Trying to extract both phone numbers from the following string (numbers and address are random):

+1-541-754-3010 156 Alphand_St. <J Steeve>\n 133, Green, Rd. <E Kustur> NY-56423 ;+1-541-914-3010\n"

So I'm using the following expression:

 /\+(.+)(?:\s|\b)/

These are the matches I'm getting back:

  1. 1-541-754-3010 156 Alphand_St.
  2. 1-541-914-3010

So I'm getting the last one correctly, but not the first one. Based on the expression, it should match anything from between a + and a space/boundary. But for some reason it's not stopping at the space after the first number. Am I going about this the wrong way?

Tim Baker
  • 35
  • 1
  • 7
  • First of all, your regex won't even return the matches you mentioned because you're using a [greedy match](https://www.regular-expressions.info/repeat.html). Second, you need to understand what a [word boundary (`\b`)](https://www.regular-expressions.info/wordboundaries.html) is (note that `-` IS a word boundary). And finally, you shouldn't really be using a [dot](https://www.regular-expressions.info/dot.html) when all you want to match is numbers and hyphens. – 41686d6564 stands w. Palestine Jul 29 '18 at 05:27
  • Also, add a language tag and show how you're applying the regex. – Mad Physicist Jul 29 '18 at 06:00

2 Answers2

0

In the format you provided for the search string, and since you are starting with a literal "+", I would just include the next following string of decimals and separators, like the hyphen:

/\+([0-9\-]+)/

Your ".+" says to match everything until there's a \s. However that also includes \s on the way to the \s.

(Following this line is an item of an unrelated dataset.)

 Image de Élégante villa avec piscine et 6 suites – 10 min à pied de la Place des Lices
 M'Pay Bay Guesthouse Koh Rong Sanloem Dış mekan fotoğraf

  • Oh, I suppose that makes sense. Is there anyway to use .+ up until a specific character? Or to exclude a character from . – Tim Baker Jul 29 '18 at 05:28
  • Well, yes there is, with /\+(.+?)\s/ like spoken about below, the ? will make it lazy and it will try to match as few times as possible. I would still use searching for decimals like my answer and the one below. – Freddythunder Jul 29 '18 at 05:36
  • This (and CertainPerformance's answer as well) might (or might not) be sufficient for the OP's requirements, but be aware that it will also match things like `+----`, for example. @TimBaker Matching phone numbers [isn't that simple](https://stackoverflow.com/q/123559/4934172), _specially if you expect to match different formats_. If, however, all you have to match is one format, it might be simpler but you'd need to write something specifically for that format. Example: [`\+\d{1,2}-\d{3}-\d{3}-\d{4}`](https://regex101.com/r/cHVXgf/1). – 41686d6564 stands w. Palestine Jul 29 '18 at 05:43
0

Remember that dashes - are not word characters, so \b will match between, for example, 1- and -5 and so on. Also, your current regex is greedy - it'll try to match as many characters as it can with the repeated ., which is why it goes all the way to the end of the first line (because after the last character in the line matches \b). Making it lazy (with .+?) wouldn't fix it, though, because then it would terminate right after the 1 in 1-541 (because between 1- is a word boundary)

Try using a character set of digits and - instead:

\+([\d-]+)

https://regex101.com/r/ktbcHJ/1

CertainPerformance
  • 356,069
  • 52
  • 309
  • 320